Data extracted from a collection:

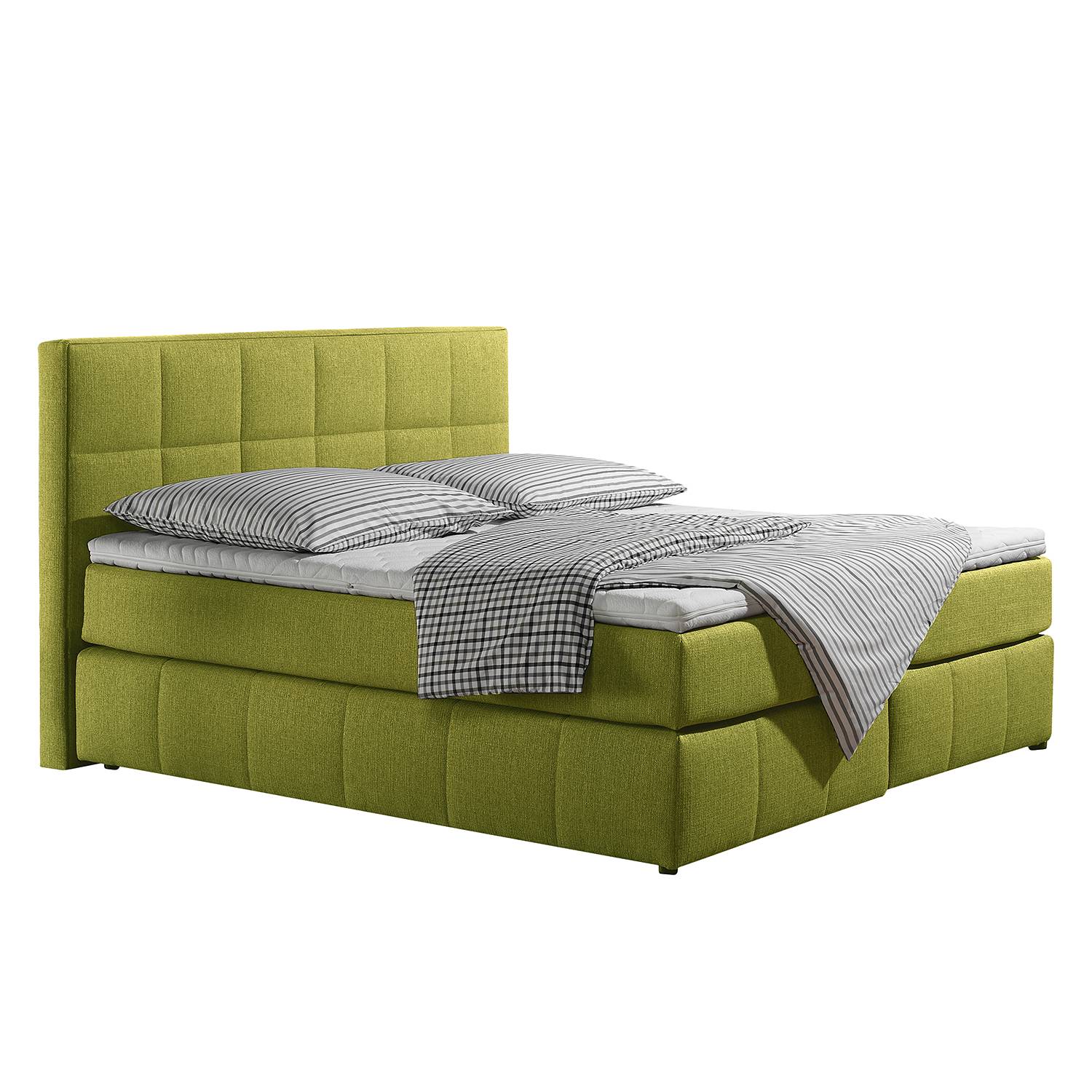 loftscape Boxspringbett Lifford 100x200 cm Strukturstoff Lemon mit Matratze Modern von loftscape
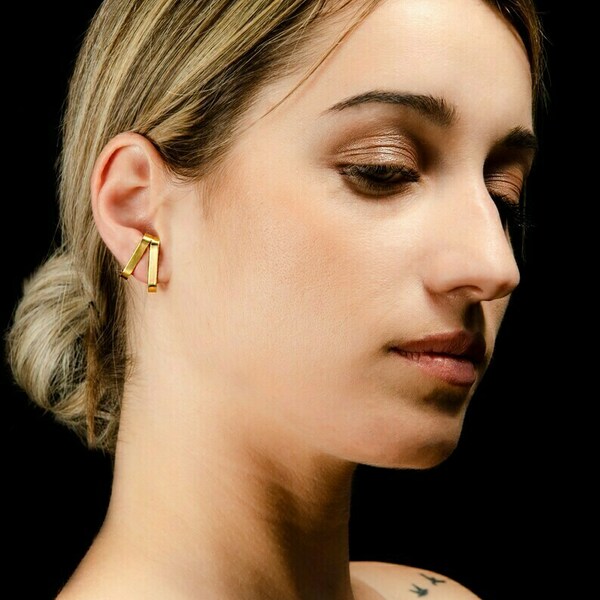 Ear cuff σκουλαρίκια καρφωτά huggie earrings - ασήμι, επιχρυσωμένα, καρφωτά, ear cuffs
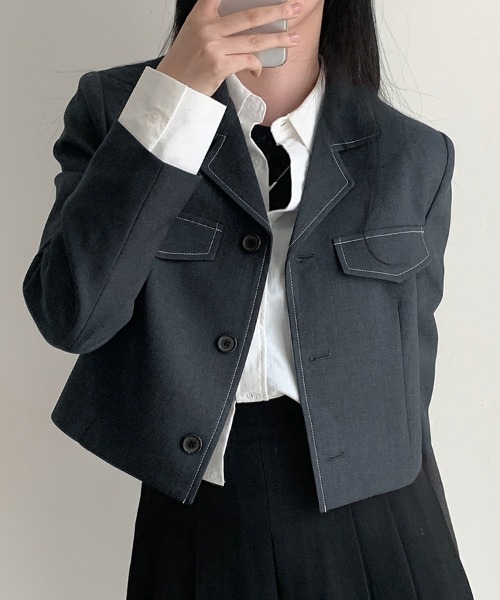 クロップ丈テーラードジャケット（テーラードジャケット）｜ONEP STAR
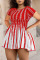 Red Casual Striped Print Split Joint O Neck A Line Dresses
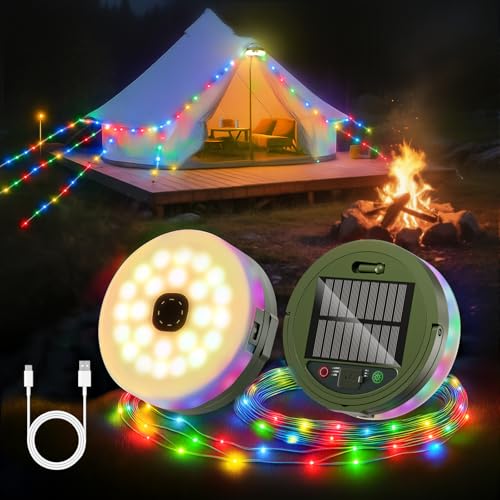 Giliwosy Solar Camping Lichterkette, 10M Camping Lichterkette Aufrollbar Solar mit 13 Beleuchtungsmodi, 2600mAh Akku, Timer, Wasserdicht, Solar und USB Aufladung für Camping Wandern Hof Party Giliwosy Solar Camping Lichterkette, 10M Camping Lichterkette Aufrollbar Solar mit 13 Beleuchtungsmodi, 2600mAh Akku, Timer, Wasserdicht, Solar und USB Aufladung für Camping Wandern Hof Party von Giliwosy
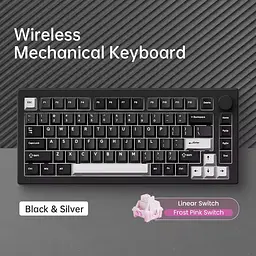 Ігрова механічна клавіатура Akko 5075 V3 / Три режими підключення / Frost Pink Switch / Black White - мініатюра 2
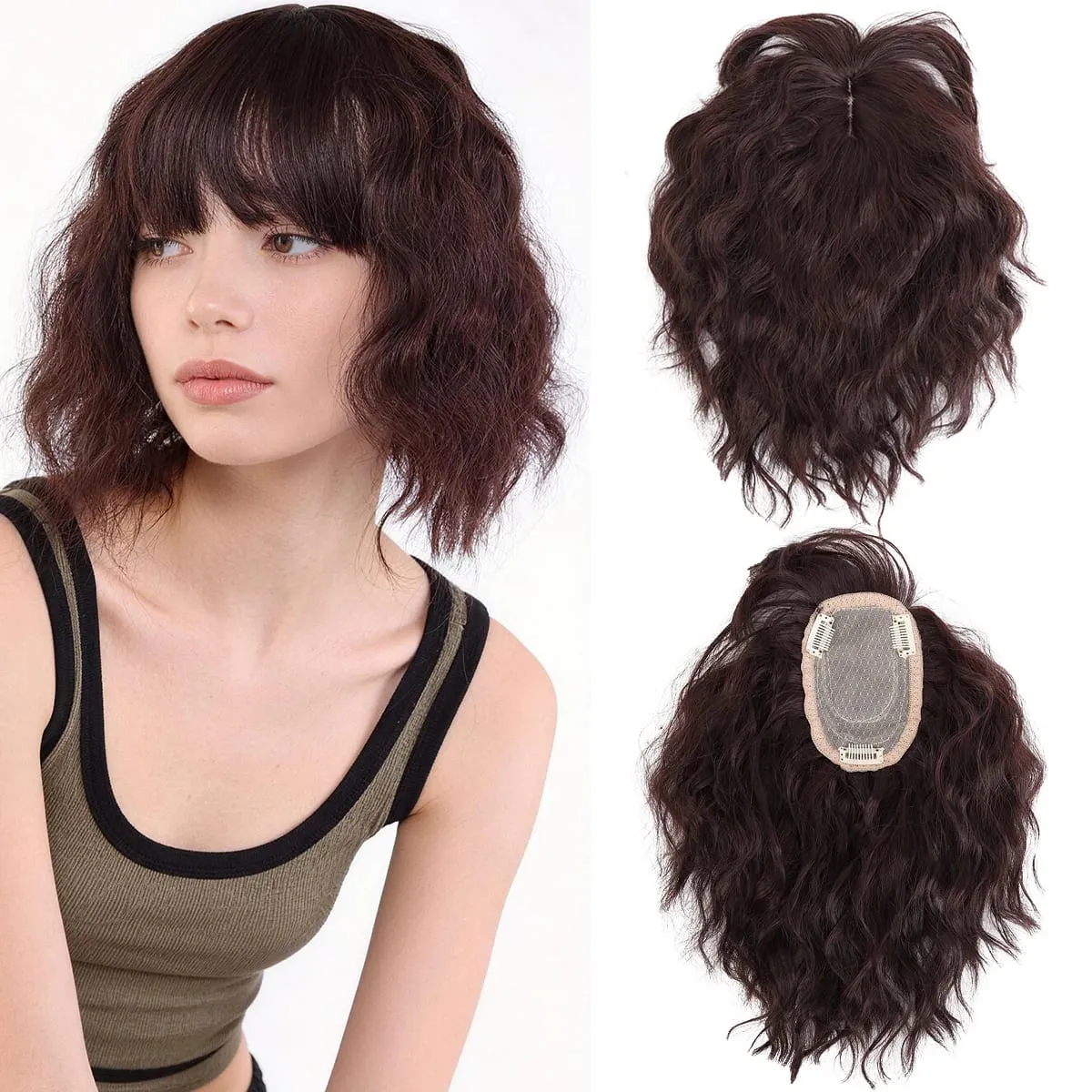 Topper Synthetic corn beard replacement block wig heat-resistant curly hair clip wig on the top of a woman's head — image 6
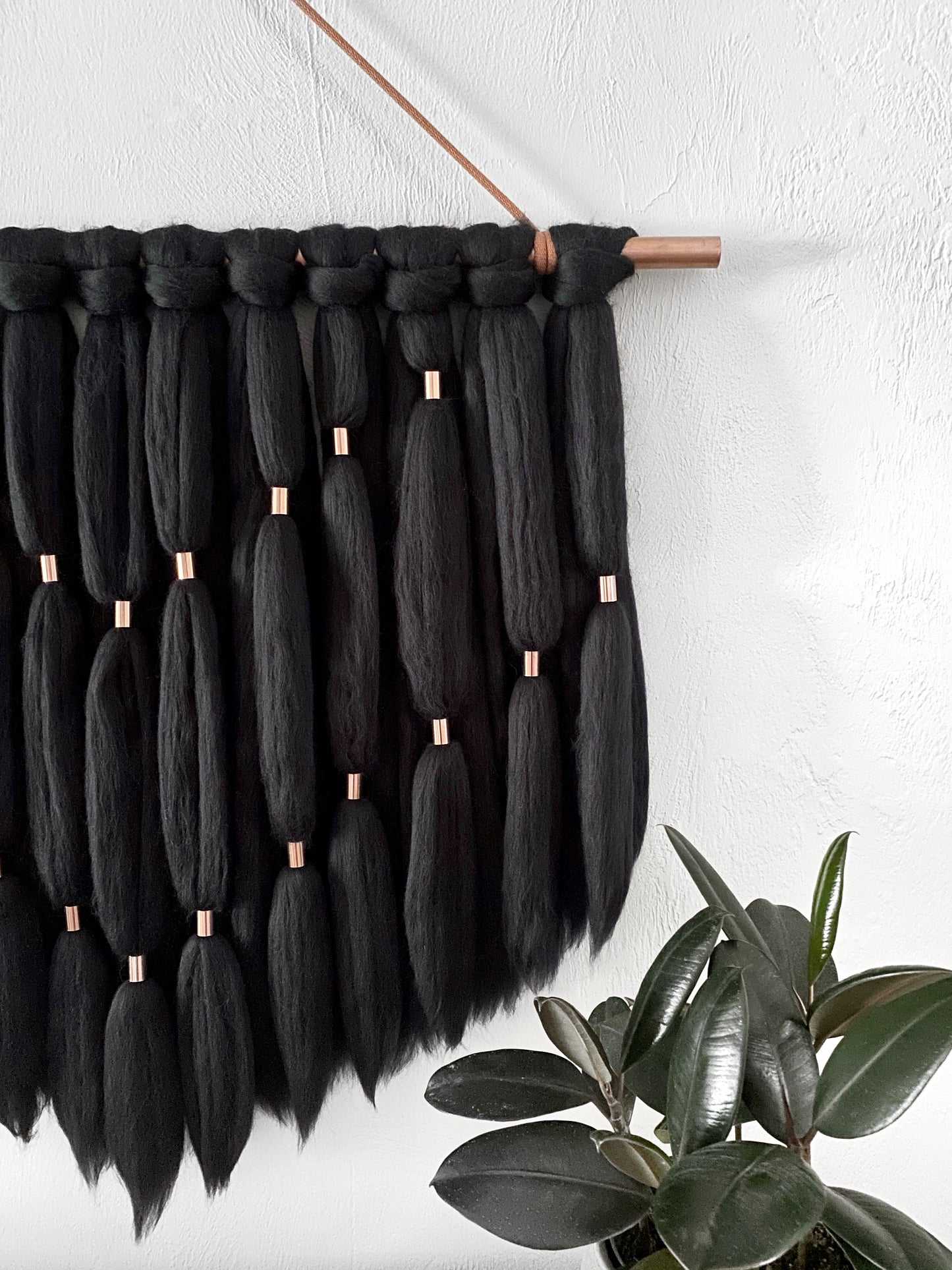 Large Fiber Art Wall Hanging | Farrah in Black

[PROBLEM TO WORK ON] Nothing but the records above, retyped exactly and stripped of images, should appear in the answer.

[COMPLETED EXERCISE]
 loftscape Boxspringbett Lifford 100x200 cm Strukturstoff Lemon mit Matratze Modern von loftscape
 Ear cuff σκουλαρίκια καρφωτά huggie earrings - ασήμι, επιχρυσωμένα, καρφωτά, ear cuffs
 クロップ丈テーラードジャケット（テーラードジャケット）｜ONEP STAR
 Red Casual Striped Print Split Joint O Neck A Line Dresses
 Giliwosy Solar Camping Lichterkette, 10M Camping Lichterkette Aufrollbar Solar mit 13 Beleuchtungsmodi, 2600mAh Akku, Timer, Wasserdicht, Solar und USB Aufladung für Camping Wandern Hof Party Giliwosy Solar Camping Lichterkette, 10M Camping Lichterkette Aufrollbar Solar mit 13 Beleuchtungsmodi, 2600mAh Akku, Timer, Wasserdicht, Solar und USB Aufladung für Camping Wandern Hof Party von Giliwosy
 Ігрова механічна клавіатура Akko 5075 V3 / Три режими підключення / Frost Pink Switch / Black White - мініатюра 2
 Topper Synthetic corn beard replacement block wig heat-resistant curly hair clip wig on the top of a woman's head — image 6
 Large Fiber Art Wall Hanging | Farrah in Black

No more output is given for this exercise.